Date of Award


Document Type


Degree Name

Education (Ph.D)


Education Specialties

First Advisor

Joseph C. Rumenapp

Second Advisor

Audrey Figueroa Murphy

Third Advisor

Jordan González


The purpose of this qualitative study is to explore the perceptions and practices of teachers providing effective feedback for early elementary-aged English Learners during reading instruction. The participants in this study were 9 elementary teachers who had English Learners in their class during reading instruction, from suburban school districts in the northeastern region of the United States. Guided by Vygotsky’s sociocultural theory (1978), in which learning occurs by interactions between teachers and students, the teacher mediates learning through social interactions with the use of learners’ Zone of Proximal Development (Lantolf & Thorne, 2006; Lantolf & Beckett, 2009). This study is led by three research questions regarding teachers’ practices of providing feedback toward English Learners during reading instruction, an investigation of the perceptions of teachers when they provide feedback specifically toward English Learners, as well as factors that influence their feedback practices. Two methods of data collection were used in this study. Semi-structured in-depth interviews were used to investigate elementary teachers’ perceptions and current practices of effective feedback toward English Learners. Additionally, a focus group interview was completed to investigate how the perceptions of teachers may influence their feedback practices as well as factors that influence their feedback in past, present, and future reading lessons. Both methods of data collection were then transcribed, coded, analyzed, and underwent triangulation to ensure consistency of the data.

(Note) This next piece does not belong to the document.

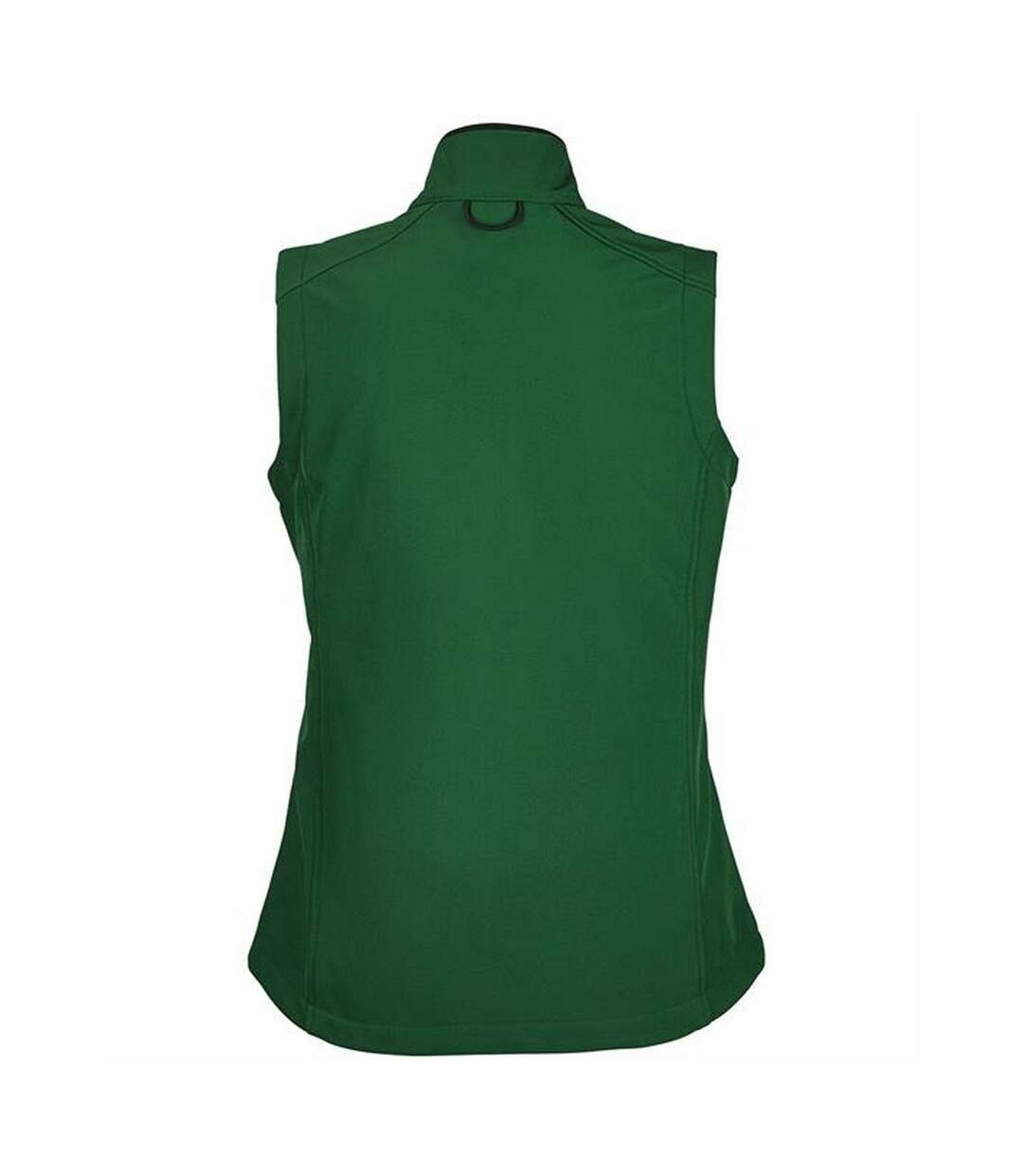 Veste Softshell Sans Manches Rallye Femme Vert Bouteille SOLS-3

This qualitative study provided an understanding to fill in the gap in the literature to examine elementary teachers’ perceptions and practices of providing feedback to early elementary-aged English Learners in terms of what teachers view as effective for ELs in order to promote progress in reading skills. Furthermore, the findings from this qualitative study will assist administrators, curriculum developers, advocates for English Learners, as well as district leaders to find improved forms of professional development regarding the implementation of effective feedback for elementary-aged ELs. Lastly, administrators can provide effective professional development for teachers to better support ELs in reading as well as raise awareness for the need of updated professional development opportunities in the topic of providing feedback for ELs during reading instruction.